On a recent trip to Cambridge, I was pleased to find some vintage Colclough and Tuscan china cake plates hidden at the bottom of some shelves in a charity shop, dirty and unloved. As soon as I felt the edges of the plates I could tell that they were going to be special even before seeing the patterns.
The Colclough plate is from around 1945-1948 according to the backstamp and it has the most beautiful sheen to it. The delicate blue, pink and yellow roses look like they’ve just come out of the factory! I wonder where it has been hiding all these years.
I think I’ve only seen this pattern once before in a tea set that we sold a while back. That one had a lemon background whereas this one has a light blue one.
If you want to read more about Colclough, I’ve written about the pottery in a few previous posts, e.g. the Ballet/Harlequin range and Herbert Colclough’s pottery mission.

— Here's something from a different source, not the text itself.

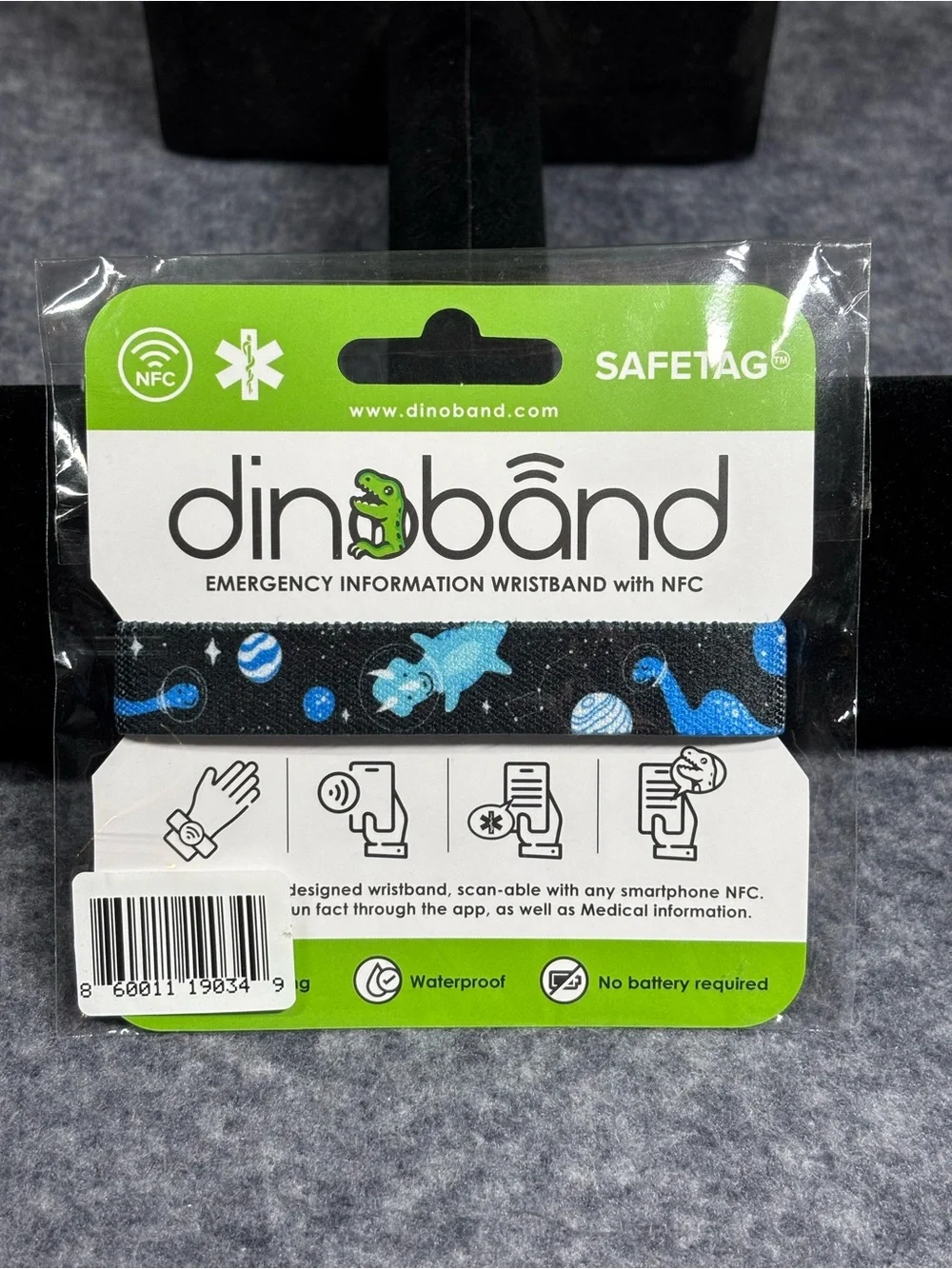SAFETAG NFC Emergency Wristband - Black with Blue Dinosaur Pattern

While checking the backstamp dates on The Potteries website, I found a lovely picture of a Colclough advert from 1947 with a phrase epitomising the Colclough vision: ‘A Colclough dealer has china ware to offer which creates an immediate appeal to eye and pocket.’
The other two plates I found are from Tuscan china’s Peach Bloom range. Unlike the Colclough plates, they have no pattern but the milky peach hue and the delicately-fluted edges are enough in themselves.
Tuscan china was made until the late 1960s and I think these plates are probably from the late 1950s/early 1960s. I put together a selection of Tuscan patterns along with the history of the company in a previous blog post.
I photographed the plates on top of a baby blue wooden stool which is from Ikea’s Brakig range. I had to pop to Ikea the other day and had spotted the stools in a post on the lovely Modflowers blog and just had to get one. I think it’s based on a classic design by Arne Jacobsen. I love the simplicity of the combination of the slender form with classic block colours.
I was tempted to buy another colour as well but restrained myself! The napkins are also from Ikea – perfect for when you need some paper napkins for an impromptu tea party!
All I need to do now is to decide whether to make cake stands from the Colclough and Tuscan plates or whether to leave them as they are. What do you think?